Ex-Ministerpräsident Sellering fürchtet "Ende der SPD"

Stand: 11.09.2024 16:51 Uhr

Mecklenburg-Vorpommerns Ex-Ministerpräsident Sellering (SPD) hat die SPD vor einem Sturz in die Bedeutungslosigkeit gewarnt. Der 74-Jährige fordert ein Umschwenken in der Sozial- und Migrationspolitik. Mit Blick auf Russlands Krieg gegen die Ukraine schwenkt er auf BSW-Kurs ein.

von Stefan Ludmann

Es war einige Zeit recht still um ihn. Ex-Ministerpräsident Erwin Sellering (SPD) hat sich seit seinem Rücktritt vom Chefposten der umstrittenen Klimaschutz-Stiftung im Mai eigentlich ins Private verabschiedet - er wird in einem Monat 75 Jahre alt. Jetzt aber meldet sich Sellering mit einem Gastbeitrag im Magazin "Cicero" zurück. Er hält seiner Partei, der SPD, eine Standpauke. "Die Wahlergebnisse in Thüringen und Sachsen lassen befürchten, die SPD hat die Orientierung verloren."

Namen nennt Sellering nicht

Der Beitrag klingt manchmal wie ein Weckruf, oft aber auch wie ein Abgesang. Die SPD drohe zu einer Klientelpartei zu werden, in der nur die Interessen von einigen eine Rolle spielten, meinte Sellering. Namen nennt er nirgends, aber in der Partei ist es ein offenes Geheimnis, dass die Jusos mit ihren originär linken Themen eine dominante Rolle spielen. Sie dürften sich - neben der Parteispitze - vor allem angesprochen fühlen.

"SPD wird Aufgabe nicht gerecht"

Der Ex-Ministerpräsident meint, die SPD mit ihrem Anspruch, Volkspartei zu sein, müsse das Ganze im Blick haben. "Dieser Aufgabe wird sie im Moment nicht gerecht", befindet der ehemalige Regierungschef. Was Sellering stört: Die SPD trete mit einem Gefühl der Überlegenheit auf, dass man klüger und moralisch besser sei als der Rest der Gesellschaft. Diese Haltung passe nicht zu einer Volkspartei - die müsse das Gemeinschaftsgefühl stärken und unterschiedliche Meinungen aushalten.

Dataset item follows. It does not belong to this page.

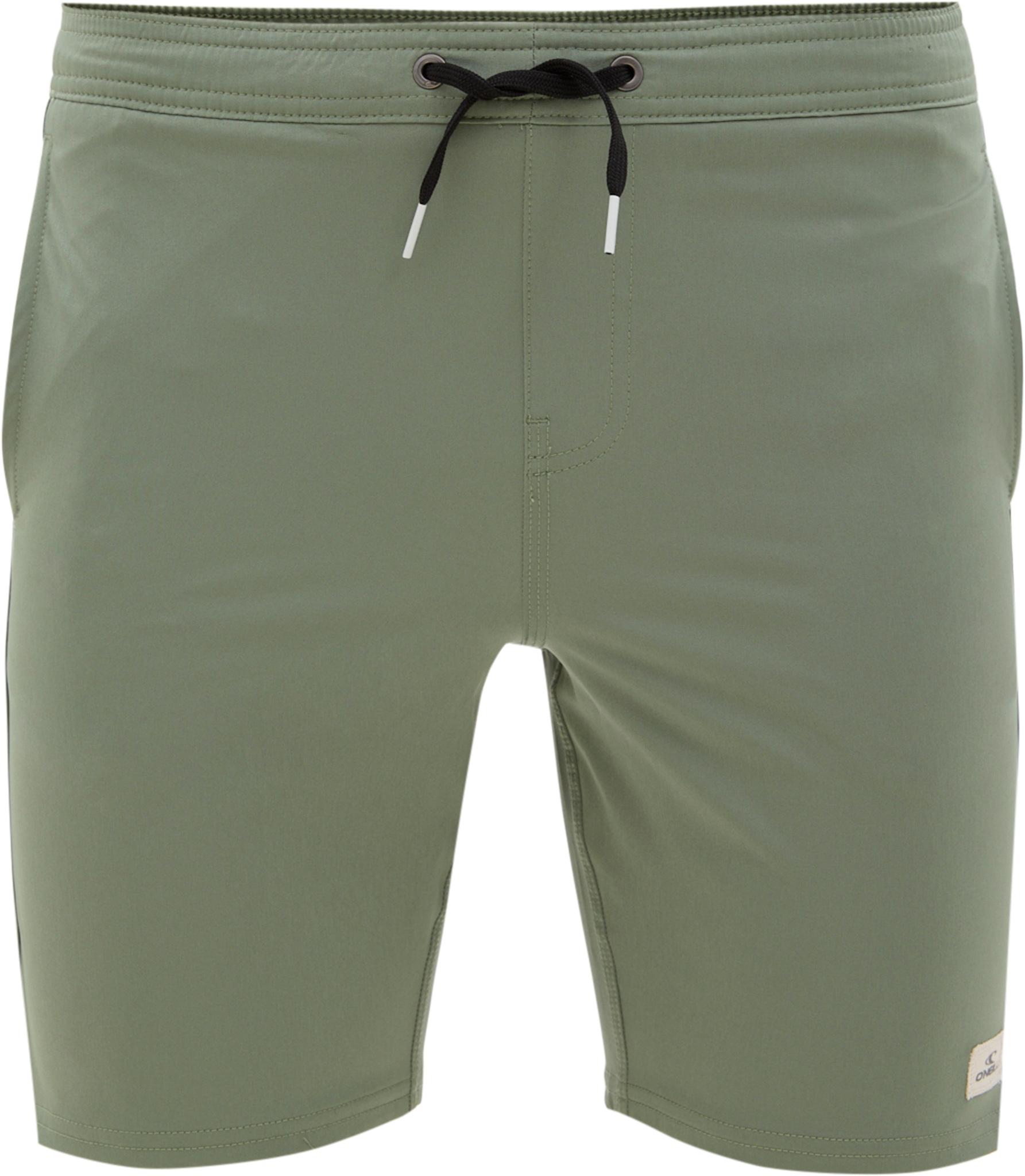 Image de produit pour Short de bain Hermosa Volley 16 po - Garçon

Asyl nur für politisch Verfolgte

In der Sozialpolitik ist ihm seine Partei zu lax. Die SPD müsse weiter denen helfen, die sich nicht selbst helfen könnten. Dieser Grundsatz habe die Partei ausgezeichnet. Aber das Bürgergeld ist für Sellering längst zu einem bedingungslosen und leistungsfreien Grundeinkommen geworden - zu Lasten derer, die sich anstrengen. In der Migrationspolitik fordert er wie schon im Wahlkampf 2016 klare Kante. Asyl für politische Verfolgte müsse es weiter geben, gesteht er zu. Aber alle anderen will Sellering nicht haben. "Für Trittbretterfahrer und Glücksritter ist in unserem Land kein Platz". Es sei verständlich, dass sich viele in Deutschland bessere Lebensbedingungen versprechen. "Dennoch können wir das nicht einfach hinnehmen, ohne unsere Demokratie zu gefährden."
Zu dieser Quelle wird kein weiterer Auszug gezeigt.